Su sonrisa era pequeña pero real.
Luego se levantó y se alejó sin pedir nada más, sin intentar quedarse donde vivía la bondad.
Lo vi irse y mi corazón no se tranquilizó.
Esa noche, le conté a mi madre sobre él. Ella me escuchó, con el rostro tenso por la preocupación, como siempre que había niños de por medio.
“¿Preguntaste dónde están sus padres?” preguntó ella.
Se me hundió el estómago.
—No —admití—. No lo hice.
Mi madre meneó la cabeza lentamente, no con decepción, sino con tristeza. «Una niña tan pequeña no debería estar en la calle».
Asentí, mirando mis manos, sintiendo el peso de mi propio silencio.
Más tarde, cuando mi madre me preguntó por mis ahorros, le dije que ya casi lo había conseguido. Le dije que ya podía saborear el sueño, como se huele la lluvia antes de que caiga.
Ella sonrió suavemente. "Si Dios quiere."

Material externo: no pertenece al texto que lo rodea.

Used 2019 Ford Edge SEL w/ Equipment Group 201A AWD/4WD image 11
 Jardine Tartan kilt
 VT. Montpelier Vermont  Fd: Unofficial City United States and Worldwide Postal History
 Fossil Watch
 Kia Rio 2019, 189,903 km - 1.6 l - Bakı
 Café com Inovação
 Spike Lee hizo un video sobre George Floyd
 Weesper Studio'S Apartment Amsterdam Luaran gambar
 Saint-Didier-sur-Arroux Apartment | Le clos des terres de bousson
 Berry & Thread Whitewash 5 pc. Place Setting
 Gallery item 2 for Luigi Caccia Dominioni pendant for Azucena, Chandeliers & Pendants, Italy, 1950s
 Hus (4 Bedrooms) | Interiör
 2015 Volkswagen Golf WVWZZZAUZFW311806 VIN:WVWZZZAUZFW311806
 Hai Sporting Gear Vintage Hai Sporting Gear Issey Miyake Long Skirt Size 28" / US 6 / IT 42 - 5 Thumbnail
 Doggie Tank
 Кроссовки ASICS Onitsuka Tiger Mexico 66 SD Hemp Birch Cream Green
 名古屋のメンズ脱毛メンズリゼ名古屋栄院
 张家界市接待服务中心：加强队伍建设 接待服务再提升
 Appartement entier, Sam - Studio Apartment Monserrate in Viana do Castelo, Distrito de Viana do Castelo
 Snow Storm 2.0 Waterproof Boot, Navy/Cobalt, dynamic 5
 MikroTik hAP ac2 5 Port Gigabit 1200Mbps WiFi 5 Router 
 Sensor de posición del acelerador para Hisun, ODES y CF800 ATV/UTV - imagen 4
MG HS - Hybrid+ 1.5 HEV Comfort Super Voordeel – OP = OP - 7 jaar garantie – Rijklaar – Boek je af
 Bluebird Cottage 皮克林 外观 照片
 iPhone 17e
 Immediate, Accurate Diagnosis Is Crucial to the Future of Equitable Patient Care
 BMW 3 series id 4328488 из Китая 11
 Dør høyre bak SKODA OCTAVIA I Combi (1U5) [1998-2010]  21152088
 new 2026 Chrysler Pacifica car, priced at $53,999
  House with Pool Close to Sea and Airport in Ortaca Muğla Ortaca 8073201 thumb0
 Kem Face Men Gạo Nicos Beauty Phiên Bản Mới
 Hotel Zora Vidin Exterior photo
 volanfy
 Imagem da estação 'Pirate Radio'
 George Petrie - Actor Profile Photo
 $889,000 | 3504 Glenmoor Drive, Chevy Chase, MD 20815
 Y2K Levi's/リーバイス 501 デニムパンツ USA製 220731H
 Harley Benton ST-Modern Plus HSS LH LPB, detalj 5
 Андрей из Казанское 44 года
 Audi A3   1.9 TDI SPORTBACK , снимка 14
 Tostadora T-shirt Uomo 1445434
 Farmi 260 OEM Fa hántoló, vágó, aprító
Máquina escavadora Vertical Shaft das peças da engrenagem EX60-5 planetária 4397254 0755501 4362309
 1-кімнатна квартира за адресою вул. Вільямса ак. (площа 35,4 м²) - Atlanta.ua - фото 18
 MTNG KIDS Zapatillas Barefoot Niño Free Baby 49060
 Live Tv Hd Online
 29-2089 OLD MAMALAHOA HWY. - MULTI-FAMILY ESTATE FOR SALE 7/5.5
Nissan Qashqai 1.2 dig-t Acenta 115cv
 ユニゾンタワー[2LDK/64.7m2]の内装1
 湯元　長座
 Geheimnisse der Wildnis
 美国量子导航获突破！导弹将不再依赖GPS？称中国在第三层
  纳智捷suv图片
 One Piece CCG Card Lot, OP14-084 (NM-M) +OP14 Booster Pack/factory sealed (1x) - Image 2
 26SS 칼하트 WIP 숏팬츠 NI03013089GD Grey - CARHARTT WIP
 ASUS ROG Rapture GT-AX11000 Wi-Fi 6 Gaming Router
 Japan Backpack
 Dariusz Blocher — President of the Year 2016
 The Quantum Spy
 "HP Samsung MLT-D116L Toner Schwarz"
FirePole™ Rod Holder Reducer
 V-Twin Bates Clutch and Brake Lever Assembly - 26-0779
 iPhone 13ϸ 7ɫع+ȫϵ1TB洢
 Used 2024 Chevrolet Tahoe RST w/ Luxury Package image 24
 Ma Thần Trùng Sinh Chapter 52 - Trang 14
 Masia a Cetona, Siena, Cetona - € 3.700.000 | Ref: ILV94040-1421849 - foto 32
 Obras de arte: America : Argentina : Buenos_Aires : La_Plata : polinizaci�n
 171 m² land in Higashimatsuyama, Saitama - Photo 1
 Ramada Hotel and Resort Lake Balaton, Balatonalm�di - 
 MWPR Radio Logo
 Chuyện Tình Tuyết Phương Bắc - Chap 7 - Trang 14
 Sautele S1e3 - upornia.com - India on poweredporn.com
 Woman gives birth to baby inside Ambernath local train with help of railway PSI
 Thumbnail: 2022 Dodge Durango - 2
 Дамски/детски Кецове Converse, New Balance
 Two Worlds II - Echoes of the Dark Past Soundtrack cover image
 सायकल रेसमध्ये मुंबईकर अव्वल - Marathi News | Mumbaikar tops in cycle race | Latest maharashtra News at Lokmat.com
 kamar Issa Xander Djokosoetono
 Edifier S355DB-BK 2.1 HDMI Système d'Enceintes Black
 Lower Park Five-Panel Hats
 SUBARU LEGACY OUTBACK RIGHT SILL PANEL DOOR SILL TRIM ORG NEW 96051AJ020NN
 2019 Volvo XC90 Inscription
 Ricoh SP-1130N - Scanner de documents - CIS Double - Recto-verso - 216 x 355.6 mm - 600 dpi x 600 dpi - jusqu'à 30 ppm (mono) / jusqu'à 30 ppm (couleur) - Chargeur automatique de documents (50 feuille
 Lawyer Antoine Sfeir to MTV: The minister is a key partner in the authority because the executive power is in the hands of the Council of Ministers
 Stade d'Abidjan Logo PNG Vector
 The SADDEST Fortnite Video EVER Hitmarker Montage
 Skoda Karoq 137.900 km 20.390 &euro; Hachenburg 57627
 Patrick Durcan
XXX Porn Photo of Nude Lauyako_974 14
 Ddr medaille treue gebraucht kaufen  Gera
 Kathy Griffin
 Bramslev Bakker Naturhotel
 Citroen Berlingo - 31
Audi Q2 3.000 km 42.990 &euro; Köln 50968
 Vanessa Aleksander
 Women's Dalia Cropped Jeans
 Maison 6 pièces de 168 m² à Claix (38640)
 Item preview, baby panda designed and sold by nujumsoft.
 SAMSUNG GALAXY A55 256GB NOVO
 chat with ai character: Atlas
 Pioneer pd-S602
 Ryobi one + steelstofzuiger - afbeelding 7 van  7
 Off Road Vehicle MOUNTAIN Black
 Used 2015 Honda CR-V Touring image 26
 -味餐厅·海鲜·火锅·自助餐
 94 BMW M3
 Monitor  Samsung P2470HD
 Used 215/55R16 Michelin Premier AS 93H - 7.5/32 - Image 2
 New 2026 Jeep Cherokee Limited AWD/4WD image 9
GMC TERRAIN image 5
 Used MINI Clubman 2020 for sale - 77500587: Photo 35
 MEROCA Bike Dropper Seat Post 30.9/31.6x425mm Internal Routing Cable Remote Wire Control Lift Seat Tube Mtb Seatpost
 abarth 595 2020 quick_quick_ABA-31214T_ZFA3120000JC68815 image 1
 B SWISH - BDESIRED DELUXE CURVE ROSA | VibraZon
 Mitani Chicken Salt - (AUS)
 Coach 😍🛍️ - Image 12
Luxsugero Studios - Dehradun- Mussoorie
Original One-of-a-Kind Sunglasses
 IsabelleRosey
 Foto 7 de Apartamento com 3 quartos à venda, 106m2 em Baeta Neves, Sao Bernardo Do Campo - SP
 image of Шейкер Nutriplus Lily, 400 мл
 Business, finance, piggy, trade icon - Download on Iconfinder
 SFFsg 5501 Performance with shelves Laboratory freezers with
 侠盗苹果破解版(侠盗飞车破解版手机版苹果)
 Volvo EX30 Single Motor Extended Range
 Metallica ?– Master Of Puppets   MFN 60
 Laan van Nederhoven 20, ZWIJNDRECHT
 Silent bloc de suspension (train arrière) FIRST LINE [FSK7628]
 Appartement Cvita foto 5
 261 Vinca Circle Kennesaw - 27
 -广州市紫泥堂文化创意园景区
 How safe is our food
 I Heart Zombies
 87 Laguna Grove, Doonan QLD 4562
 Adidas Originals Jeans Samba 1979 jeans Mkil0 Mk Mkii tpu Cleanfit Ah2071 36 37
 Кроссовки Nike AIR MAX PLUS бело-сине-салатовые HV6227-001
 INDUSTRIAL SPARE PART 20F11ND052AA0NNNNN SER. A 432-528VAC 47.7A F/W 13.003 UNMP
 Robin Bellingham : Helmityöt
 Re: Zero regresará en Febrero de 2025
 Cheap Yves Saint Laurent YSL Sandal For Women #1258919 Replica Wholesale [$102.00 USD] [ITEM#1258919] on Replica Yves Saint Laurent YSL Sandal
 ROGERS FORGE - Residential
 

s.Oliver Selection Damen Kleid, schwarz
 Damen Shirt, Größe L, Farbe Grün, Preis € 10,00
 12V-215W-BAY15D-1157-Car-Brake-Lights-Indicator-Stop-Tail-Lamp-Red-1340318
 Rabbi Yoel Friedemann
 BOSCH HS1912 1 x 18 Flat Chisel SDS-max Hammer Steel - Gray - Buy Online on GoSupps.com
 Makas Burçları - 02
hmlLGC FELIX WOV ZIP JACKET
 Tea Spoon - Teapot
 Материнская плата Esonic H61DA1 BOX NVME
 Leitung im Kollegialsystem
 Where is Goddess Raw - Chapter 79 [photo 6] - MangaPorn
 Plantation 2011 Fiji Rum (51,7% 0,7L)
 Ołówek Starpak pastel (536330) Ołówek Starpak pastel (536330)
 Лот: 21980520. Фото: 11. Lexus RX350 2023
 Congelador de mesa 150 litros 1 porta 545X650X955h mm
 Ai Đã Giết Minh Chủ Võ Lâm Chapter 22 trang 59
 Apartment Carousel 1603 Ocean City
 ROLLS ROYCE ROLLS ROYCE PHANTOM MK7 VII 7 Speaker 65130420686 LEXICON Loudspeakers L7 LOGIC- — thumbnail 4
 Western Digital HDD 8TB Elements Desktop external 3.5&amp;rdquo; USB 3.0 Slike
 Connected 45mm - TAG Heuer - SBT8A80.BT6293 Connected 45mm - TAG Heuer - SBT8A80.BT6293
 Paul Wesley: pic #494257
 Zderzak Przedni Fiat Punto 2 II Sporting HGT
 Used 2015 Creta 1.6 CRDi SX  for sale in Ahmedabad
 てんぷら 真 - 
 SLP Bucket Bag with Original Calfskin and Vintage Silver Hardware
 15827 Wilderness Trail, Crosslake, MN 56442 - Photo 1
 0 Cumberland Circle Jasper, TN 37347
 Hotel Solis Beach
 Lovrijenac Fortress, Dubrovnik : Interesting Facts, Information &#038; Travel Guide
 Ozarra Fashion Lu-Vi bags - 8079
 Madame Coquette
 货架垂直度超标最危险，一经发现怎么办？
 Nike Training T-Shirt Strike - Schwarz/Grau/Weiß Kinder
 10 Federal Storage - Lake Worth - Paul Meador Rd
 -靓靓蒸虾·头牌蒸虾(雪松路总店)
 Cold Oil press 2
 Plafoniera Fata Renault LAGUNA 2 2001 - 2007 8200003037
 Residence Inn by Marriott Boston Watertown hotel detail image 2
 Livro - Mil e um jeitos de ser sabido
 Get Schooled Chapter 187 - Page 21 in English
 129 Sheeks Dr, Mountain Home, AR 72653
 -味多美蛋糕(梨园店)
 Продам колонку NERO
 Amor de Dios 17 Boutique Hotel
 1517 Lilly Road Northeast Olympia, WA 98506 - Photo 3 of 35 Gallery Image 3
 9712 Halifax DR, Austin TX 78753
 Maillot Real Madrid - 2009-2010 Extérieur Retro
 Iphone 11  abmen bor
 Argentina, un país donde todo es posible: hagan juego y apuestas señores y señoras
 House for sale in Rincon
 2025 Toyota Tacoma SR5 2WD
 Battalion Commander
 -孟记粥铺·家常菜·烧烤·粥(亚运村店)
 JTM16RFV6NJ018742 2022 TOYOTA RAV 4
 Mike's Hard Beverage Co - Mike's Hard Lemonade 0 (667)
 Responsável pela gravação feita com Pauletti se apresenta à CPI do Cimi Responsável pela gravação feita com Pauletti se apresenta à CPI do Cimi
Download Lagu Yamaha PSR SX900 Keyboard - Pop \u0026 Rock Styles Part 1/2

Pero cuando me acosté a dormir, el rostro de David flotaba tras mis ojos. La forma en que sostenía el plato. La forma en que comía sin levantar la vista. La forma en que me agradecía como si la gratitud fuera lo único que poseía.
Antes de dormir, oré por él. Una oración sencilla, de esas que salen del corazón.
Dios, por favor cuida a ese muchacho.
Al día siguiente, al abrir mi tienda, no dejaba de pensar en él. Intenté concentrarme, pero mi mente volvía una y otra vez al niño de ojos viejos.
Horas después, lo volví a ver.
Mendigaba por el camino, yendo de persona en persona con cautela. Algunos lo ignoraban. Otros lo apartaban con la mano como si fuera una mosca. Algunos parecían culpables, pero seguían caminando.
Luego empezó a llover.
No fue una lluvia suave. Fue una lluvia fuerte y repentina que azotó el suelo y convirtió el polvo en barro.
Esperaba que David corriera a algún lado, a esconderse, a protegerse. Pero no lo hizo. Simplemente se quedó allí, empapándose, pidiendo ayuda como si la lluvia no fuera nada comparada con el hambre.
Algo dentro de mí se puso en movimiento.
“¡David!” grité.
Se giró sobresaltado y luego corrió hacia mí.
Cuando llegó a mi lado, con el pelo mojado, lo agarré por los hombros. "¿Por qué no corriste de la lluvia?"
Levantó la barbilla, intentando parecer fuerte. "Soy un chico fuerte".
Sus palabras me impactaron de forma extraña. No sonaban a confianza. Parecían un discurso que había practicado para sobrevivir.
Saqué mi comida empacada y se la di de nuevo. Comió rápido, con el alivio suavizándole el rostro como la luz del sol abriéndose paso entre las nubes.
Cuando terminó, le di agua y me senté a su lado.
—David —dije suavemente—, ¿dónde están tus padres?
Su cuerpo se tensó. Su mirada se posó en sus manos. Durante varios segundos, no respondió.
Entonces forzó una sonrisa que no le llegó a los ojos. «Están bien. Me están esperando».
Pero su voz no correspondía con las palabras. Parecía un niño repitiendo una frase porque era más seguro que la verdad.
No presioné. Simplemente asentí.
Aún así, lo sabía.
Un niño con padres esperando no mendiga bajo la lluvia. Un niño con padres esperando no lleva el hambre como una segunda piel.
Lo miré, mis pequeños dedos pellizcando el borde de su camisa, de repente luciendo mucho más joven que sus valientes palabras.
Así que tomé una decisión que en ese momento me pareció sencilla.